EXERCISE MATERIAL START
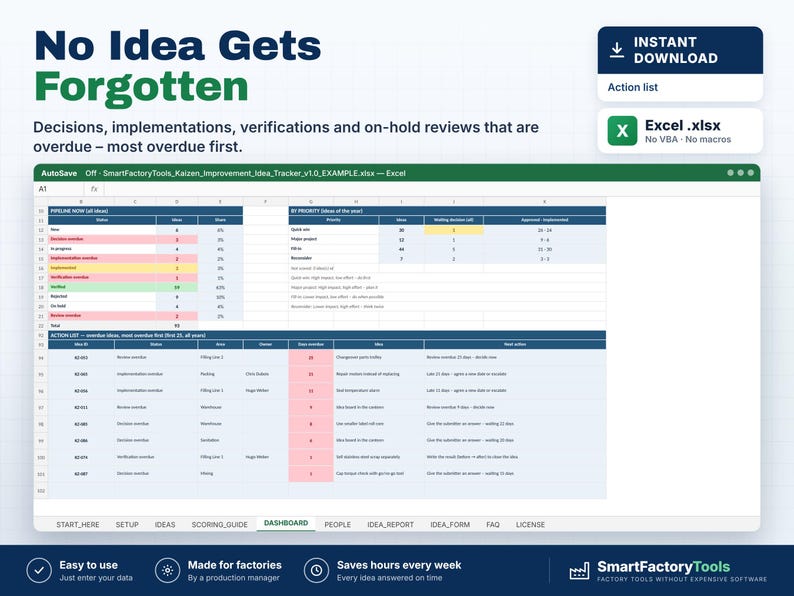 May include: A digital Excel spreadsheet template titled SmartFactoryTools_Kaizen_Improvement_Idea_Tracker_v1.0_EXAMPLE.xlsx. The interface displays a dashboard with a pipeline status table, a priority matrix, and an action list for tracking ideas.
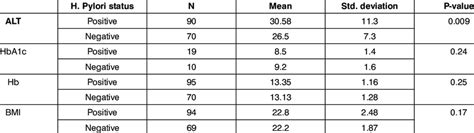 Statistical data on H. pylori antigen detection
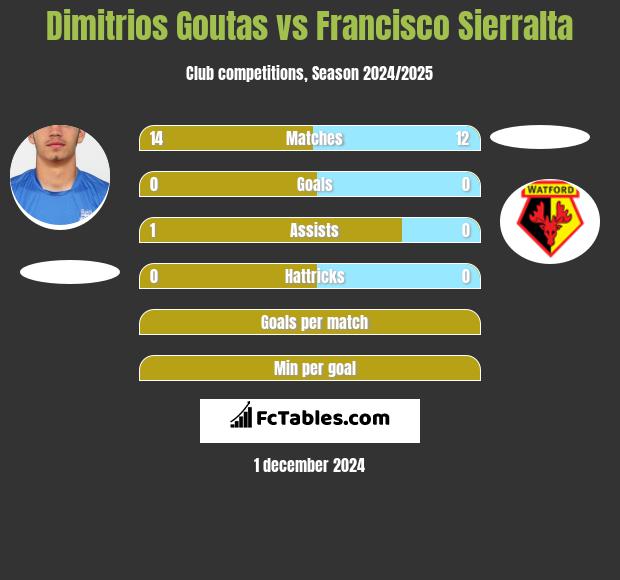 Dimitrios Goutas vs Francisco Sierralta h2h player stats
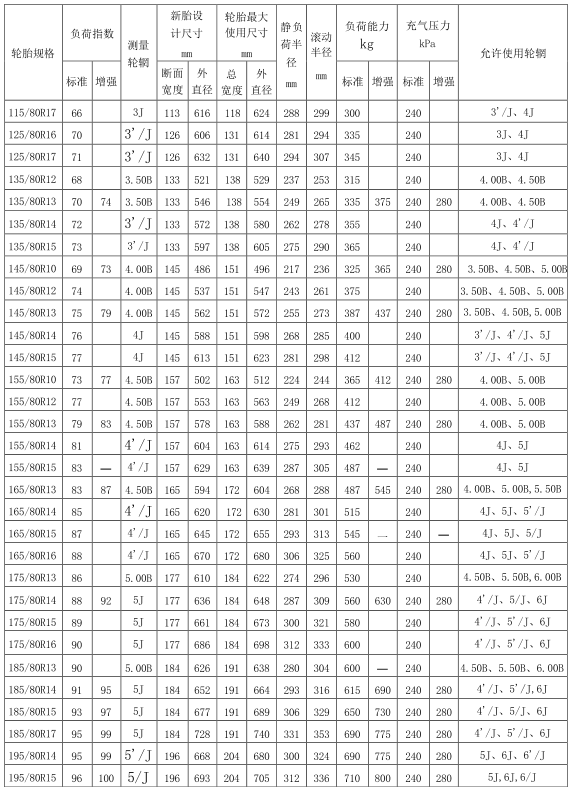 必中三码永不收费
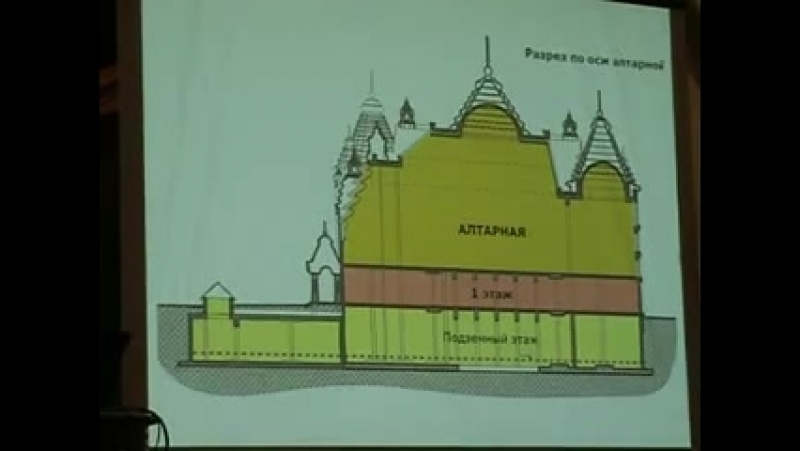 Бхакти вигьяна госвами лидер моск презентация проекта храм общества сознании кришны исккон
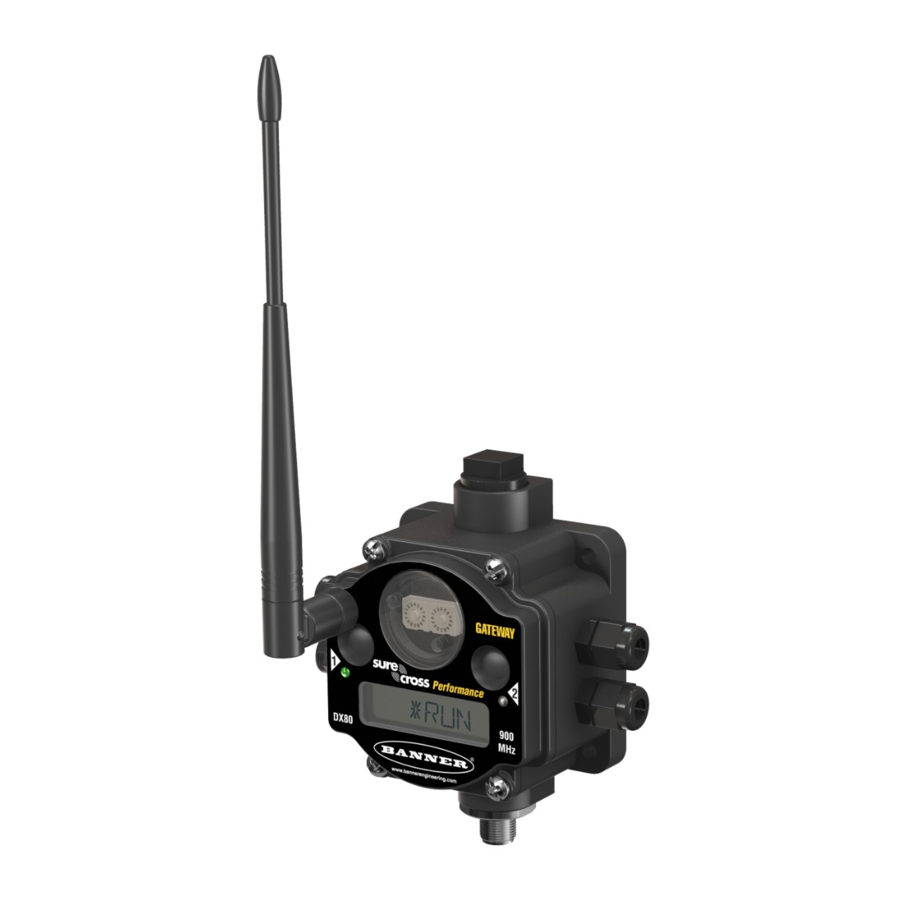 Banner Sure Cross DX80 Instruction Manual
EXERCISE MATERIAL END
EXERCISE MATERIAL START
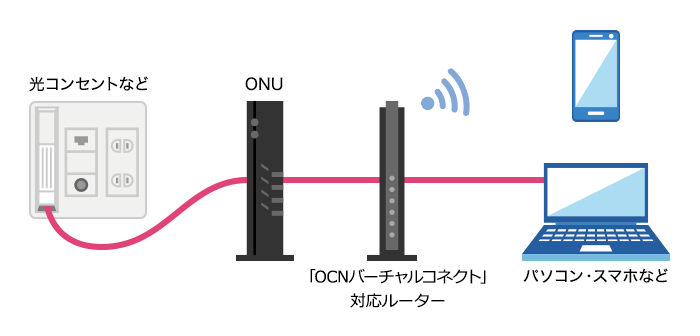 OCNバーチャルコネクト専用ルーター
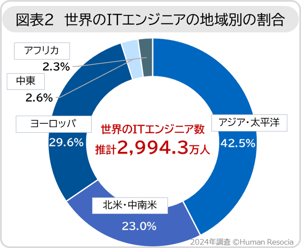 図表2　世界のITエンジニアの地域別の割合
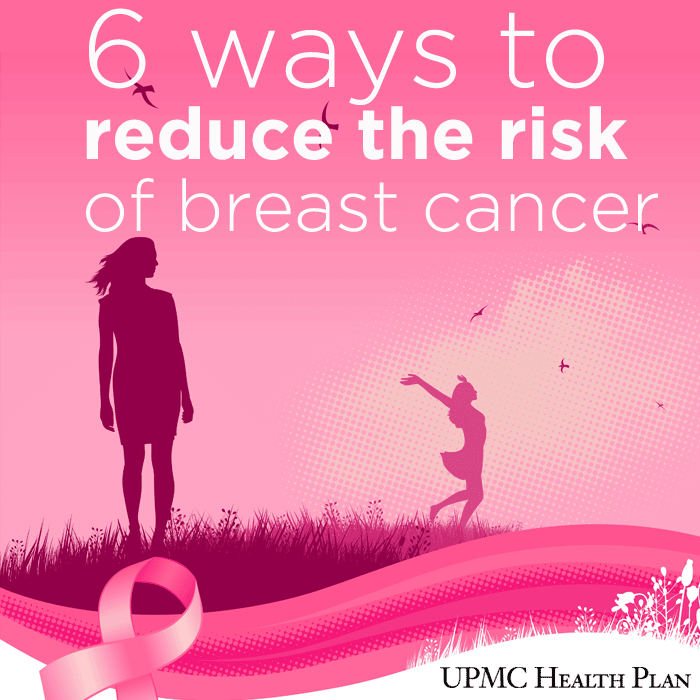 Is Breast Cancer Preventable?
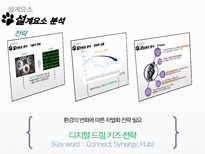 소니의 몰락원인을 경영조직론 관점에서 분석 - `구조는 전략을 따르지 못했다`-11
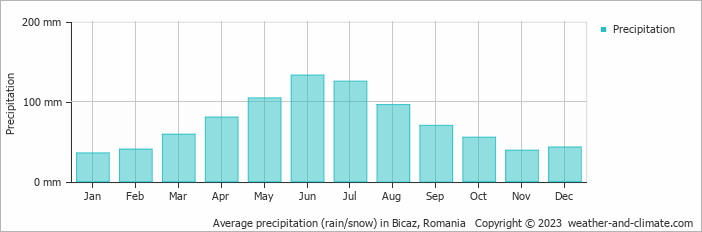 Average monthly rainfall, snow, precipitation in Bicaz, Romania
EXERCISE MATERIAL END
EXERCISE BRIEF >> Return only the stretch above from the line containing "Dimitrios Goutas vs" through the line containing "Banner Sure Cross DX80 Instruction Manual", word for word and without pictures.

RESULT FOR THIS TASK >>
 Dimitrios Goutas vs Francisco Sierralta h2h player stats
 必中三码永不收费
 Бхакти вигьяна госвами лидер моск презентация проекта храм общества сознании кришны исккон
 Banner Sure Cross DX80 Instruction Manual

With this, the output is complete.